The Alberg 30 is a recreational keelboat, built predominantly of fibreglass, with wood trim. It has a masthead sloop rig, a keel-mounted rudder and a fixed long keel. It displaces 9000 lb and carries 3300 lb of iron ballast.

The boat has a draft of 4.29 ft with the standard keel.

The boat was factory fitted with a range of inboard engines. These included a Gray Marine gasoline engine of 22 hp, a Universal Atomic 4 gasoline engine of 30 hp, a Bukh single cylinder diesel engine of 12 hp, a Volvo Penta MD7A diesel engine or a Volvo 2002 diesel engine. The fuel tank holds 15 u.s.gal and the fresh water tank has a capacity of 30 u.s.gal.

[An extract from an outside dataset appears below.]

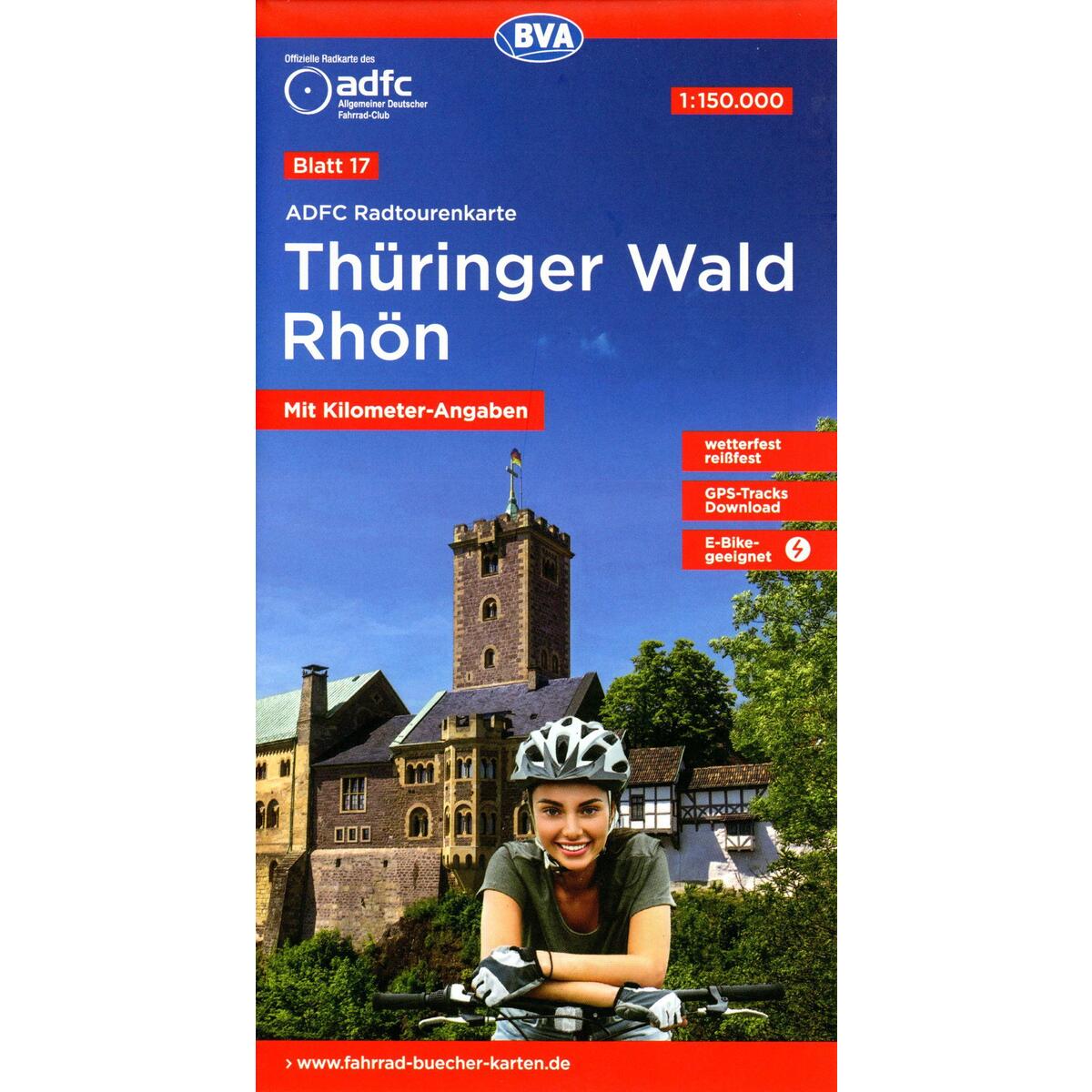 ADFC-Radtourenkarte 17 Thüringer Wald Rhön 1:150.000, reiß- und wetterfest, E-Bi... ADFC-Radtourenkarte 17 Thüringer Wald Rhön 1:150.000, reiß- und wetterfest, E-Bi... von BVA Bielefelder Verlag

The boat has a PHRF racing average handicap of 228 with a high of 240 and low of 219. It has a hull speed of 6.23 kn.

==Operational history==
In a review Michael McGoldrick wrote, "The design of the Alberg 30 dates back to 1961, and some of its features and appearance are reminiscent of the old wooded sailboats of the 1950s and 1940s. It is interesting to note that when they first started making sailboats out of fiberglass, they tended to build up the hull and other structural areas to the same thickness that would have been found on wooden boats. This extra fiberglass resulted in extremely strong and rugged boats, and this is certainly true of the Alberg 30. In terms of both design and construction, it is one of the more seaworthy 30 footers available on the used market in Canada. Nevertheless, the age of the Alberg 30 design translates into a boat with a narrow beam and limited interior room, and its full keel means it will not have the same pointing ability as a fin keel boat. But the Alberg 30 has a truly devoted following who believe its time-honoured appearance will not go out of style, and who appreciate the boat for its bluewater cruising potential."